▶ DATA TO EXAMINE
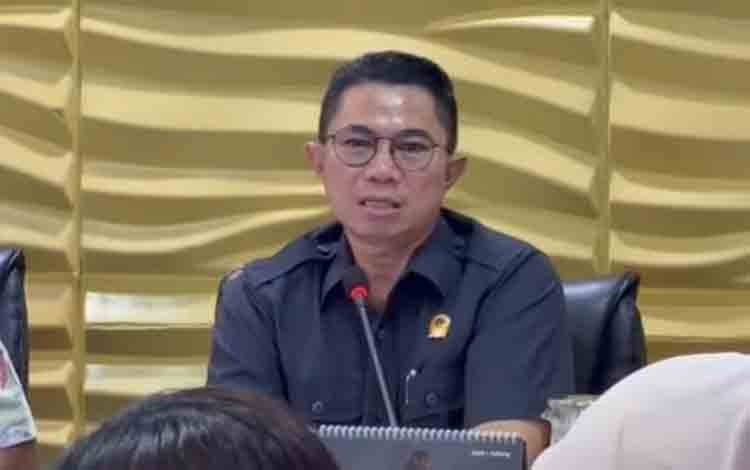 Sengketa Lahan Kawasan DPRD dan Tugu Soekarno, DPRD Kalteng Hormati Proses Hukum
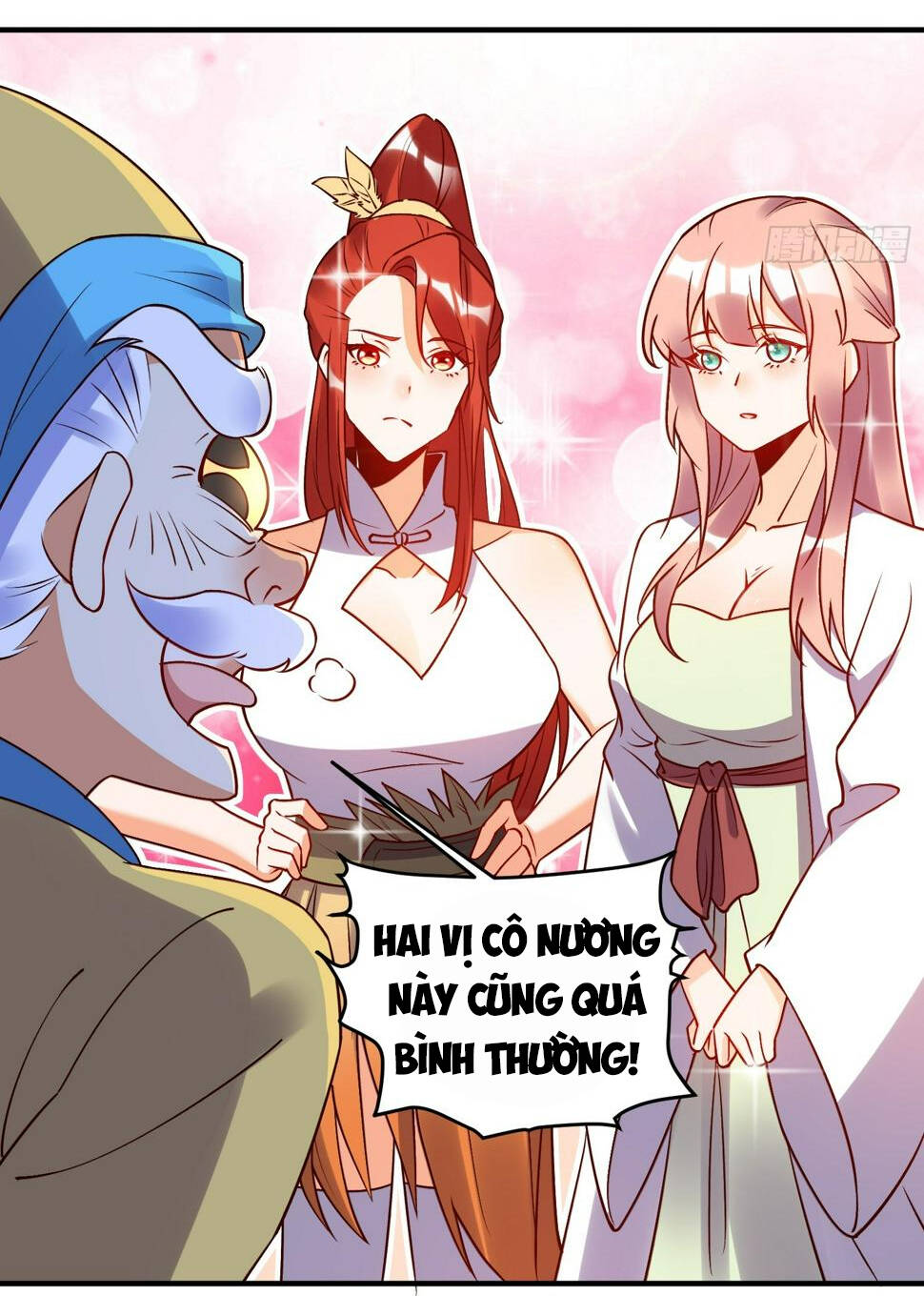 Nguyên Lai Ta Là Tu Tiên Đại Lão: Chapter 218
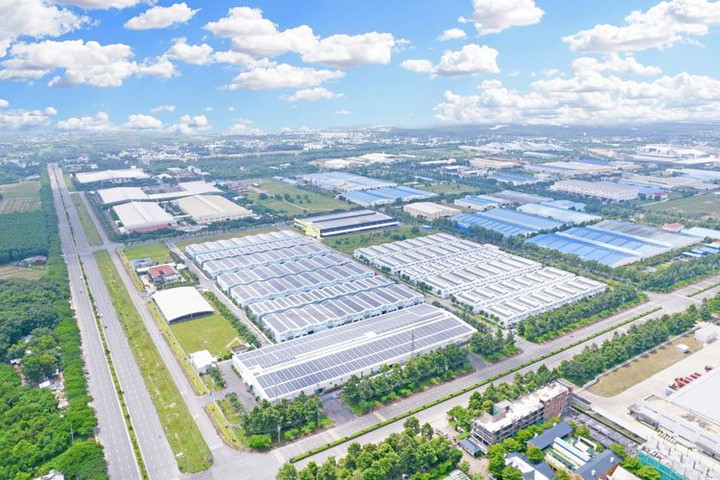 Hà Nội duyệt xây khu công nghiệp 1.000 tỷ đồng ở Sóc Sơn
==
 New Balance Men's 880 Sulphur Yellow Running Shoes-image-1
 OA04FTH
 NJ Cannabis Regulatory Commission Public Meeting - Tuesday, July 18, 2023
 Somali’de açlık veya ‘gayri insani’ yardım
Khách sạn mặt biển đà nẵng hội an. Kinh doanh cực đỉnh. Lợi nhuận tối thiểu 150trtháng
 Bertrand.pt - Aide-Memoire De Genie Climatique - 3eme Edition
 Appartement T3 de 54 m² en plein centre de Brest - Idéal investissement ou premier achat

▶ WORK REQUEST
Of the entries above, repeat exactly the lines from the line with "Bertrand.pt - Aide-Memoire" through the line with "Appartement T3 de", both of them included.

▶ WRITTEN REPLY
 Bertrand.pt - Aide-Memoire De Genie Climatique - 3eme Edition
 Appartement T3 de 54 m² en plein centre de Brest - Idéal investissement ou premier achat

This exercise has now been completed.